Bij de notaris, in Hasselt residerend, verscheen Lambertus Lambrichts, inwoner
van Schuelen. Hij draagt tot profijt van de heer advocaat en oud-burgemeester
Gaspar Joannes Vossius den alden een rente op van 40 gulden jaarlijks. Bij
tijdige betaling volstaan 35 gulden. Hiervoor ontving Lambrichts de som van
1000 gulden Brabants eens. De rente wordt gevestigd op 1) een stuk land genaamd
“de Moskens Heijde”, 6 vaten zaaiens groot, palend O. Willem Beijnens man van
Marie Catharina Joers, Z. Joannes Matthijs Joers, N. Joannes Van Brabant en W.
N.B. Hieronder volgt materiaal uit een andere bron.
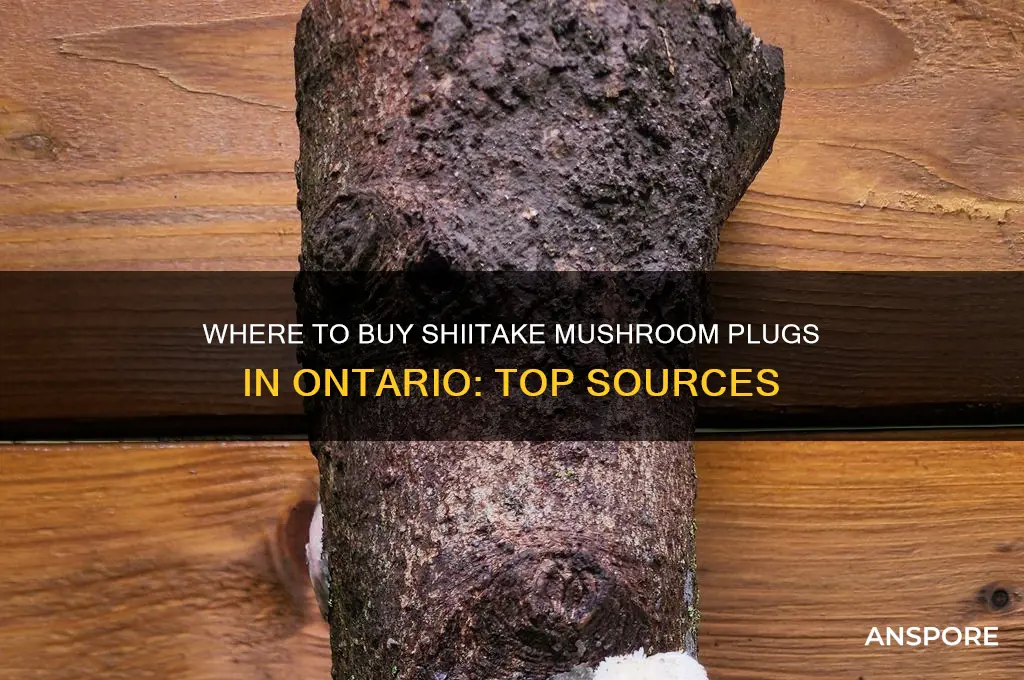 where to buy shiitake mushroom plugs ontario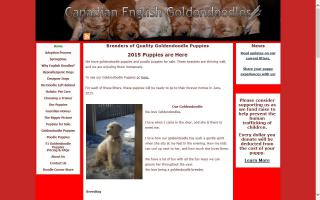 Canadian English Goldendoodles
de kinderen van Hendrick Hermans; 2) een stuk land “het Huijsken” O. en Z. de
straat, W. en N. Peeter Plugers; 3) een stuk land van 3 vaten zaaiens groot
palend O. de opdrager, Z. de heer acceptant, W. Matthijs Strampers en N. de
opdrager als koper van zijn halve zuster Aldegond Lambrichts. Al deze goederen
zijn onbelast, tenzij met grondcijns, en zijn gelegen onder Schulen. Opgemaakt
in Hasselt in het huis van de heer acceptant staande op de “Haut Mert” in
aanwezigheid van de getuigen Hendrick Oijen en Anna Wolters.
1772,
24 september. Folio 336v
Peeter
Fonteijn, met instemming van zijn echtgenote, verklaart tot behoef van Jan
Huijbrechts een perceel land op te dragen gelegen in Coorsel omtrent het dorp
in de Savelstraet. Het paalt begijn Van de Weijer O., de weduwe Aert Beckers
W., Hendericus Truijens Z., de straat N. Tot pand voor een rente van 10 gulden
jaarlijks, te leggen met 250 gulden Brabants Luijx. Solvit Fonteijn jura voor
copije, solvit Jan Huijbrechts 15 stuivers.
1772,
22 oktober. Folio 337r
13.10.1772.
Bij de notaris in Baelen verscheen Henrick Wouters weduwnaar van Gertruij Maenen,
die aan haar man bij testament de tocht van haar immeubele erfgoederen heeft
gelaten, waar ook gelegen. Dit vruchtgebruik staat hij af aan Maria Helena
Marien, dochter van wijlen Margo Marien: van een perceel gelegen onder Stal
gehucht van Coorsel. De andere helft behoort toe aan de voorschreven Maria
Helena Marien uit hoofde van haar moeder. Henrick behoudt er voor zichzelf geen
recht meer op en zij accepteert het. Ze draagt het met de aanstaande last van
50 gulden Luijx geld op tot behoef van Arnoldus Smets, inwoner van Stal, op
voorwaarde dat hij alle uitgaande lasten ervan zal dragen. Bovendien moet hij
aan Maria Helena Marien nog 20 pattacons Brabants geld geven, of in Luijxe
specie of geld de som van 80 gulden. De meerderjarige Maria Helena verklaart
aan de voorschreven helft gelegen in Stal aan de Heijcant geen enkel recht meer
te hebben (het gehele stuk is 150 roeden groot). Getuigen: Hendrick Hessels en
Cornelis Cools. Zegel van 6 stuivers. Attestor G. B. Claes, notaris.
Op
22.10.1772 legde schepen Woters deze akte neer om gerealiseerd te worden.
1772,
05 november. Folio 338r
Akte
van notaris W. V. Vande Kerckhof, residerend binnen Herck, van 24.10.1772.
L.
M. Hermans, oud-burgemeester van Herck, en zijn instemmende vrouw M. G. Van
Melbeeck verklaren dat ze verkochten: een perceel land onder Schuelen gelegen
op het Bruijninx Velt, ongeveer 6 vaten zaaiens groot. Het paalt de Balx Vijver
of “Sunevenne”(?), het Sinte Catharina en Sint Nicolausaltaar in Donck O., de
heer Briers representerende bij koop Jan Lantmeeters tevoren sr. Blois uxoris
nomine Maria Anna Hermans W., de heer Briers in eigen naam Z., de heer H. L.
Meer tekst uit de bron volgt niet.